Incendiati 40 cassonetti a Tor Bella Monaca
Incendiati 40 cassonetti a Tor Bella Monaca

Roma, 7 luglio 2021 - “Strade ripulite in fretta sotto la casa di Raffaella Carrà, il resto della Capitale è invasa dai rifiuti”. È la denuncia arrivata oggi dal Codacons, dopo un monitoraggio delle via cittadine fatto questa mattina e nel pomeriggio di ieri. Questa notte, a Tor Bella Monaca sono stati incendiati 40 cassonetti dei rifiuti, per protesta contro l'emergenza. 

L'associazione dei consumatori ha rilevato come strade e marciapiedi di Corso Francia, Vigna Clara, Via Flaminia, e tutta l'area limitrofa all'abitazione romana della Carrà apparissero "incredibilmente puliti, con i cassonetti della spazzatura praticamente vuoti e nessun rifiuto a terra” spiegano dal Codacons. “Situazione molto diversa da altre zone della capitale – continuano – come dimostrano i roghi appiccati nelle ultime ore dai residenti di alcuni quartieri di Roma sud, esasperati dall'invasione di spazzatura che rende invivibili le strade".

Scandaloso: è una discriminazione a danno dei cittadini”
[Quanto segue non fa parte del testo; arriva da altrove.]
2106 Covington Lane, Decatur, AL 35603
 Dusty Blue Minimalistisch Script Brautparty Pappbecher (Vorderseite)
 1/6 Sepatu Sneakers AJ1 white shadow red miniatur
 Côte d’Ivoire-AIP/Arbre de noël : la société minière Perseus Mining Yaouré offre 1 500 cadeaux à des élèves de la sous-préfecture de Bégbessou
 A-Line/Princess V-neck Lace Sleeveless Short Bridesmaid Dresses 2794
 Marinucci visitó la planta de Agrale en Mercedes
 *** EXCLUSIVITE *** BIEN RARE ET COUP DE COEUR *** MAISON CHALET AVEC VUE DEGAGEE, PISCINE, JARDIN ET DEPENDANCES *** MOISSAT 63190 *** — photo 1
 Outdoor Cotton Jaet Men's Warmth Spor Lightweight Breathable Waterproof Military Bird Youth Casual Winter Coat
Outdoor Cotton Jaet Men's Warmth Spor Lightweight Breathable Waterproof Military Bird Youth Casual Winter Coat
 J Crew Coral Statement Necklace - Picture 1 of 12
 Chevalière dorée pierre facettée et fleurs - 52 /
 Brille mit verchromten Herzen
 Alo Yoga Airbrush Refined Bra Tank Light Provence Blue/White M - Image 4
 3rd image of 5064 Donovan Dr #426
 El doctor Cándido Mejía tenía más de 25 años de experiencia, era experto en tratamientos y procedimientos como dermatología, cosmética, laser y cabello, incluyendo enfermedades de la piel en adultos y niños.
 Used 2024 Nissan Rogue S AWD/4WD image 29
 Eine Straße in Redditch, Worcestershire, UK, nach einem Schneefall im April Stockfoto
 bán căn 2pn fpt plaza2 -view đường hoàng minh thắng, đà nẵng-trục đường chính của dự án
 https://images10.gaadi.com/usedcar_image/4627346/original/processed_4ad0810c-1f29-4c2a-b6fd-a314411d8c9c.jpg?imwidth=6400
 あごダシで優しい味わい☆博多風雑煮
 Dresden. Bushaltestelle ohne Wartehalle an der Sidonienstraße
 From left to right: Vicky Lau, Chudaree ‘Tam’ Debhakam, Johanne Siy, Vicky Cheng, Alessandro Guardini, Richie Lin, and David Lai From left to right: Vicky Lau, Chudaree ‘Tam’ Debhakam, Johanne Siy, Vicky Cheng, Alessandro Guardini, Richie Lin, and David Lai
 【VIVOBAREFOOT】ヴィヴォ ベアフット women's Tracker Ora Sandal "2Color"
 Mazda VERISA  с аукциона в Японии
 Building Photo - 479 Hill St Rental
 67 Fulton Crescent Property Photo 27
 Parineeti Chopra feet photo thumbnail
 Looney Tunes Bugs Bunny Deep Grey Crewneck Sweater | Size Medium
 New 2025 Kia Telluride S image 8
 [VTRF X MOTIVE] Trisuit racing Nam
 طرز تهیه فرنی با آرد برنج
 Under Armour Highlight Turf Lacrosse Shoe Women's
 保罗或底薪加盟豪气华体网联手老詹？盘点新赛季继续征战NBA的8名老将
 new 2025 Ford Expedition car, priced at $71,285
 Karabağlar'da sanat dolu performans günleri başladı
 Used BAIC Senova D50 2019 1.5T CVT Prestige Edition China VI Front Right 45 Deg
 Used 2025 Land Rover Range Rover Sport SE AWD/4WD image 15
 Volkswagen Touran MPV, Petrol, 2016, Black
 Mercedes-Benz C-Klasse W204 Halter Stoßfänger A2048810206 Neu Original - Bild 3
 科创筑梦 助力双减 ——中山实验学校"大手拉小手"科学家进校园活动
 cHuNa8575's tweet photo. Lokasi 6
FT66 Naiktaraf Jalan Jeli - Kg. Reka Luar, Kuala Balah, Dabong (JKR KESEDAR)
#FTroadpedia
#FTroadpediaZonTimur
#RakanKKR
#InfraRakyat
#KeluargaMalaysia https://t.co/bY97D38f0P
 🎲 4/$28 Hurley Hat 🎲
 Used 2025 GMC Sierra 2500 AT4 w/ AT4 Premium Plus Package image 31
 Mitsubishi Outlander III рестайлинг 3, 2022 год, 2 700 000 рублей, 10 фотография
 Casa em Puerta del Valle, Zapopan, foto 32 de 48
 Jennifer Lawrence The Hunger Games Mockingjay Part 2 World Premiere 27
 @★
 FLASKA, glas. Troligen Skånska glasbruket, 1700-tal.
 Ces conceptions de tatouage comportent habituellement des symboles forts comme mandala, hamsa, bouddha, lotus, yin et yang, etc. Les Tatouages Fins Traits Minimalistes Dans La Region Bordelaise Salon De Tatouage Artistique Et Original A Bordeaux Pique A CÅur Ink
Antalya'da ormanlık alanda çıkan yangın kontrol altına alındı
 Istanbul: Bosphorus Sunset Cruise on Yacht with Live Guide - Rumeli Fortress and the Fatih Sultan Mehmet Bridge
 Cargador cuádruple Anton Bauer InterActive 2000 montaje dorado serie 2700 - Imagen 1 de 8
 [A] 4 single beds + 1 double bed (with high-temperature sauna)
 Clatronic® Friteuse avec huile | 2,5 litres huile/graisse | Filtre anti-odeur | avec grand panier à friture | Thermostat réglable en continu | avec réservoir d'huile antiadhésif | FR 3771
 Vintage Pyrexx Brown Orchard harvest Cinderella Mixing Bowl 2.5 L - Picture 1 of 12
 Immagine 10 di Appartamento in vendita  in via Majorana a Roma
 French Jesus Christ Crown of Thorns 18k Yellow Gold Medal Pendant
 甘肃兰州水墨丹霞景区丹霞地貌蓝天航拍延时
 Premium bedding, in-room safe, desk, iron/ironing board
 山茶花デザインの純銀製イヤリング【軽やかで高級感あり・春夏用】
Il monitoraggio della Capitale avrebbe rilevato situazioni differenti tra i quartieri: “Roma sud ancora invasa da spazzatura, Ama chiarisca” è la richiesta del Codacons.

"Raffaella Carrà fa l'ultimo regalo ai cittadini e riesce dove tutti finora hanno fallito: far svuotare i cassonetti dei rifiuti e ripulire le strade dalle tonnellate di spazzatura che in questi giorni hanno invaso la città”, ironizzano con l'amaro in bocca dal Codacons. “Peccato che la pulizia 'straordinaria' sembri aver riguardato solo la zona dove risiedeva il noto personaggio televisivo, mentre il resto della capitale appare ancora in piena emergenza rifiuti".

Il Codacons chiede chiarimenti all'azienda che gestisce la raccolta dei rifiuti di Roma Capitale, al centro di attacchi pesanti dovuti ad una emergenza che sembra npn avere fine. Cassonetti pieni, quartieri invasi da odori nolesti, insetti e topi dovuti alla sporcizia. "É certamente sospetto che, con l'arrivo in massa di giornalisti italiani e stranieri a realizzare servizi davanti la casa della showgirl più amata del paese, tutta la zona dove risiedeva l'artista sia stata messa a nuovo, e non si veda un rifiuto a terra - prosegue il Codacons -. Quello che appare lampante in queste ore è una scandalosa discriminazione sul fronte dei rifiuti tra cittadini di Roma nord ecittadini di Roma sud, che ricevono un trattamento diverso pur pagando la Tari allo stesso modo".

Per questo il Codacons chiede chiarimenti al Comune di Roma e all'Ama, chiedendo di rendere nota l'attività di raccolta rifiuti eseguita nelle ultime 48 ore nell'area dove risiedeva la Carrà e nelle altre zone della capitale.